Required action | Lines in the records below that contain the word "Used" must each be copied.

--- START ---

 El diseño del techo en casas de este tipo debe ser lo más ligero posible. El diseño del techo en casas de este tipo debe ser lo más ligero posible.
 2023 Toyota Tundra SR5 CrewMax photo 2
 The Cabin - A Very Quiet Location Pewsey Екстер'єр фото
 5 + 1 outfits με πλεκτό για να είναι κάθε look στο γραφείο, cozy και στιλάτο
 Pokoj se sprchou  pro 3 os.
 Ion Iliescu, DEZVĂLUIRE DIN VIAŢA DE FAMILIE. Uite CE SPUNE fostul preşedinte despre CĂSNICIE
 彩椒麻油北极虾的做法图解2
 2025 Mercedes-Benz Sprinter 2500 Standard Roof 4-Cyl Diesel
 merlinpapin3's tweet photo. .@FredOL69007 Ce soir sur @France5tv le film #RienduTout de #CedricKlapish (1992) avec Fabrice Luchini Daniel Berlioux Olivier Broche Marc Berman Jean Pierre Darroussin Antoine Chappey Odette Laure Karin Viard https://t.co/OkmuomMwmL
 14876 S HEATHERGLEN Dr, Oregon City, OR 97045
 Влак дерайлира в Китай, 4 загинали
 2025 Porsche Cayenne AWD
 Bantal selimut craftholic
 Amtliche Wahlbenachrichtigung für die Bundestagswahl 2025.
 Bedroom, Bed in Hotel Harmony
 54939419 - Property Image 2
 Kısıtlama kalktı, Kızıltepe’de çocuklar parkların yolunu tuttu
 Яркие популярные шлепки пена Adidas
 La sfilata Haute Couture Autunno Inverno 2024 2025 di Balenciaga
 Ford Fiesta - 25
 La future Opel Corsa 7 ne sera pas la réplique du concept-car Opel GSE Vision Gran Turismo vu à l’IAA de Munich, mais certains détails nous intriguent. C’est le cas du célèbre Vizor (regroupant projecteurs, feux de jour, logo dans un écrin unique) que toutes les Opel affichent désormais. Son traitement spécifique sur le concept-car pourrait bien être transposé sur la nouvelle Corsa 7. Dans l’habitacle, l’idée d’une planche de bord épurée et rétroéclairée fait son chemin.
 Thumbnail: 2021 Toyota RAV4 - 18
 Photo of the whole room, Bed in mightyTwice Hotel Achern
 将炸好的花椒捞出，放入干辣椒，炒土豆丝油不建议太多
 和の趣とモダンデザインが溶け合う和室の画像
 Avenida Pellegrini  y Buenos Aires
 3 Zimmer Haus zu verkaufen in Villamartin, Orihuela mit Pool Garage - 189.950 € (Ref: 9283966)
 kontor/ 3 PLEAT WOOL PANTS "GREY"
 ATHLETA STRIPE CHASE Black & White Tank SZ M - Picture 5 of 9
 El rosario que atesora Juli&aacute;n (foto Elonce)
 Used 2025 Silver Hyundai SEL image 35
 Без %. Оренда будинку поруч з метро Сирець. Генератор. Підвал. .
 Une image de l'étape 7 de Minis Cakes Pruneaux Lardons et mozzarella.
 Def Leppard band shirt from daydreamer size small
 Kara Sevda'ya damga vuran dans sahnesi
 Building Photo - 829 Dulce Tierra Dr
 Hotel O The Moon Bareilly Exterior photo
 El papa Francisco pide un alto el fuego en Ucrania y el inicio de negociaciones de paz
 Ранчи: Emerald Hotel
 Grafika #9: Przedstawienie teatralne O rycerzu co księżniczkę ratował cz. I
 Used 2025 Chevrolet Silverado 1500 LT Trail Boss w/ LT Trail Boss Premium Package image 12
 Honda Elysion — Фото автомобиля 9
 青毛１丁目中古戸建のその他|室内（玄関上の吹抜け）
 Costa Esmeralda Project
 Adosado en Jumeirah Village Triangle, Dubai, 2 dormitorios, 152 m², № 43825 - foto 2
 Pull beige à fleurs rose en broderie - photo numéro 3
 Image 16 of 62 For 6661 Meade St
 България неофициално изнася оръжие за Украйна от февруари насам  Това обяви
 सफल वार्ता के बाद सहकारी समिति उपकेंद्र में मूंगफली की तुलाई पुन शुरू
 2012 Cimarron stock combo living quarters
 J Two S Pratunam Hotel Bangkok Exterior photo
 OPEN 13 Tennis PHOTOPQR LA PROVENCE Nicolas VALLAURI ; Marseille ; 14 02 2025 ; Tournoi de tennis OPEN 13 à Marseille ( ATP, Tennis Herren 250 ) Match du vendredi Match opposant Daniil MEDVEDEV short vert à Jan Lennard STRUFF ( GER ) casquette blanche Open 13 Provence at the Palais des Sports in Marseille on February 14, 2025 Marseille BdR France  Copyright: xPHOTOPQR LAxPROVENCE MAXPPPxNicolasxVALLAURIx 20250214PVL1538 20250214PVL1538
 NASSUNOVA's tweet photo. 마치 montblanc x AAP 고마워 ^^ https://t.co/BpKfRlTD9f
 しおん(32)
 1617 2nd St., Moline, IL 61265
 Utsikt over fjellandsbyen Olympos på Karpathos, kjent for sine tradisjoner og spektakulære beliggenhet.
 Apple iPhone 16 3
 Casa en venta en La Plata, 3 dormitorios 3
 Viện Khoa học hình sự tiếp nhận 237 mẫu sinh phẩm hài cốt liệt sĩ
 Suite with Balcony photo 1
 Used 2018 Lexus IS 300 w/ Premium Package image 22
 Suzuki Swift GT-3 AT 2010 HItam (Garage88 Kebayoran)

--- END ---

Answer to this problem |
 Used 2025 Silver Hyundai SEL image 35
 Used 2025 Chevrolet Silverado 1500 LT Trail Boss w/ LT Trail Boss Premium Package image 12
 Used 2018 Lexus IS 300 w/ Premium Package image 22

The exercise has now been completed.